- **Task directions**
For the string "living", work out how many lines of the data contain it and give that number with nothing added.

- **Recorded data**
────────

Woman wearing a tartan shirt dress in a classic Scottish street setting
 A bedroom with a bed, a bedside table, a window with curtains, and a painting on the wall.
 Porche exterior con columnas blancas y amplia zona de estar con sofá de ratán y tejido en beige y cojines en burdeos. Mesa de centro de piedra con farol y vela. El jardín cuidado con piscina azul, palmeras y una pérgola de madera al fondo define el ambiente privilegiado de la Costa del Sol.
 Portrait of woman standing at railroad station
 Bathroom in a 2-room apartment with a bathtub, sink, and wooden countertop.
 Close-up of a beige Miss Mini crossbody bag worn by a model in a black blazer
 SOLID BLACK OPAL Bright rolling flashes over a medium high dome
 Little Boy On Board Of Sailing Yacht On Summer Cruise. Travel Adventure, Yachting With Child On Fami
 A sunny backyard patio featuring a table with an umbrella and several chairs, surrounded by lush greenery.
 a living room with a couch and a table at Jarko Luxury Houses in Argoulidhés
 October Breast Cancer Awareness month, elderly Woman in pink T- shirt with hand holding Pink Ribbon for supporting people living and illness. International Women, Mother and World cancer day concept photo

────────

- **Answer for this exercise**
2